Because of the limitations of test supplies, health systems had to make daily decisions on which populations should have priority for being tested. By building these criteria into the electronic health record (EHR) on a daily basis, clinicians have regular access to the most recent guidelines, aiding their quick decision-making. Similarly, as concerns arose around availability of other resources such as medications, embedded insights in the EHR on which patients should be prioritized have created easy-to-follow standards of care.
Clinical care staff are the most valuable resource
COVID-19 has required selflessness and sacrifice from our healthcare heroes. They have been pushed to their physical and emotional limits during this pandemic. In many situations, care providers, particularly those with ICU training, have been shifted around the hospital to meet patient demand. While technology aims to help manage their workloads and mental burden, the well-being of care providers must be managed as well. Having efficient shift schedules and trained psychologists easily accessible at any time during their shift can provide a safe and understanding outlet in times of intense surge and risk of burnout.

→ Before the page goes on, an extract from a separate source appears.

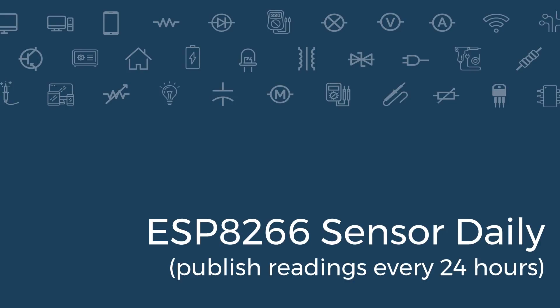In this video, you're going to learn how to build a sensor node with an ESP8266 that publishes the temperature and humidity once a day to a free service called ThinkSpeak.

Rethinking everyday care empowers patients
Although the fear of catching COVID-19 caused many patients to defer in-person care, technology has empowered patients to become more involved in their own health in new ways. Patient portals have become tools of engagement, and telehealth via video visits and asynchronous consults has increased exponentially in outpatient settings. As the shift to in-person care returns, new processes will enhance the patient experience, such as virtual check-ins that allow patients to wait safely in their cars until their appointment time.
The new normal requires a continued shift in mindset
There will be a long road to recovery, but there are several steps the healthcare industry must take in this journey:
Rebuild trust with patients: Ensure that the precautions taken to protect patients when they visit the hospital or a doctor’s office are well communicated so they feel safe.
Hardwire and standardize the telehealth processes: While new processes were put together quickly, steps must be taken to ensure standardization across these new care models. We have to seize the opportunity to enhance access to such services by all and reduce disparities in healthcare access. Additionally, while long-term reimbursement plans for telehealth are still in discussion, the successful, long-lasting adoption of telehealth depends on it.
Leverage new tools to enhance care: Existing gaps in telehealth will be filled by new tools that support remote patient monitoring. Resources like at-home wearables will not only provide more holistic patient views, but also enable more advanced capabilities like predictive analytics.
Increase system preparedness for future pandemics: Optimize the ICU capability, staffing, and essential equipment stockpiles.
Focus on prevention: Masks, handwashing, social distancing, and outdoor activities are keys to reducing the spread of the disease. Prevention is still the first line of defense!